Cet émiettement est la conséquence du défaut numéro un dans les adaptations de livres au cinéma, qui frappe We need to talk about Kevin comme tant d’autres avant lui : le picorement de bouts de séquences ça et là au fil des pages du roman, au lieu de trancher dans le vif au service d’une vision nette de ce que l’on souhaite raconter. Le résultat est immanquablement un enchaînement de moments d’où il n’émerge plus de sens transcendant la somme des parties. Sans se soucier du fond, Ramsay n’a fait que remplacer le dispositif littéraire par son propre dispositif cinématographique au détail près que le sien sonne creux. Les flashbacks mentaux qui prennent la place des courriers procèdent selon un mode opératoire vite pesant : un stimulus visuel ou auditif déclenche chez Eva le souvenir d’une scène du passé. La tentative périlleuse de se passer de voix-off, pour une histoire entièrement fondée sur les souvenirs, les émotions et les analyses d’une personne, se solde par un échec. Ramsay fait du sous-Gaspar Noé maladroit et tout sauf convaincant pour nous faire entrer dans la tête d’Eva exclusivement par les sens et non par l’intellect. La même insuffisance se retrouve dans ses choix musicaux, tape-à-l’œil (si l’on peut dire) mais trop peu nombreux pour être à la hauteur. Se battent en duel deux airs de pop enjouée – attention décalage – et un refrain de quelques notes de shamisen, le luth japonais à la sonorité sèche, métallique – attention menace relevée d’une pincée d’exotisme – si surexploités les uns et les autres dans le film que l’on finit par sentir à l’avance quand ils vont survenir.

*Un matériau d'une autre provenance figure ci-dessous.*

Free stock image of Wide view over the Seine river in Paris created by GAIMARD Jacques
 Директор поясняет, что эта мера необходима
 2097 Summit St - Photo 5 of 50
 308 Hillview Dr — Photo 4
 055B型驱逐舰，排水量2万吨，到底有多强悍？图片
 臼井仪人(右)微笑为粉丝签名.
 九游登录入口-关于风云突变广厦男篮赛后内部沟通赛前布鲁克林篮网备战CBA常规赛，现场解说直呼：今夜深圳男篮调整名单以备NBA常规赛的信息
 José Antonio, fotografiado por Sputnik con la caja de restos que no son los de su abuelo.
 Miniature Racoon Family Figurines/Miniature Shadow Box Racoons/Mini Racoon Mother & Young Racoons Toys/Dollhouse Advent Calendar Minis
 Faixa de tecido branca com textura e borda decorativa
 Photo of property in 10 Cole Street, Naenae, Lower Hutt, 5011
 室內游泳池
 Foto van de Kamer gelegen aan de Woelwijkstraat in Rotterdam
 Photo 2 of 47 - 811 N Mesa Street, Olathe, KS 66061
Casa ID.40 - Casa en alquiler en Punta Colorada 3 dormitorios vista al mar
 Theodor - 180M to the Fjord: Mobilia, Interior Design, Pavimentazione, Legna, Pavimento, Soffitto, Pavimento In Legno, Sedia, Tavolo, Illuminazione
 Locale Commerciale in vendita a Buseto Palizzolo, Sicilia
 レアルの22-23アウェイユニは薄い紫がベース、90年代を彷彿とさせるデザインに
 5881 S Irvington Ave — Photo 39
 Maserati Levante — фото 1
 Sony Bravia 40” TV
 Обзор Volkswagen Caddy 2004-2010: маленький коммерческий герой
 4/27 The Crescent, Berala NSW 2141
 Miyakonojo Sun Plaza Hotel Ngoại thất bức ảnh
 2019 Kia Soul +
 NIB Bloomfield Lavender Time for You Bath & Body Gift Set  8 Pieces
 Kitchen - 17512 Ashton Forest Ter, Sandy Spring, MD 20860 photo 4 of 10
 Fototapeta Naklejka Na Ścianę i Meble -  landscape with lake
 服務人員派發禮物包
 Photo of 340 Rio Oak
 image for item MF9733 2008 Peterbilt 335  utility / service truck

Mais le plus gros problème de We need to talk about Kevin (toujours par rapport au livre) réside dans son traitement de la violence. Les exactions de Kevin sont d’une horreur organique, qui met un point d’honneur à percer férocement et durablement la chair de ses victimes ; chose d’autant plus marquante que Kevin est en toute autre chose réfractaire au contact avec autrui. Cette dualité le rend terrifiant, et Ramsey tourne le dos à cette part majeure de la psychologie du personnage en aseptisant ses forfaits par un recours extensif au hors champ, à l’ellipse, tout ce qui peut créer de la suggestion et non de l’exhibition crue. Dans cette ambiance vaporeuse, où de l’acide versé dans un œil, un carnage à l’arbalète dans le gymnase du lycée sont abordés du bout des doigts en détournant le regard, Kevin fait beaucoup moins peur. On en viendrait presque à soupçonner une forme d’autocensure pour échapper à une classification trop rude. Mais si c’est pour faire du cinéma qui achoppe sur le cœur d’une histoire parce qu’il n’en a pas le droit ou le courage, autant laisser cette histoire dans le milieu où elle s’était épanouie au départ, la littérature.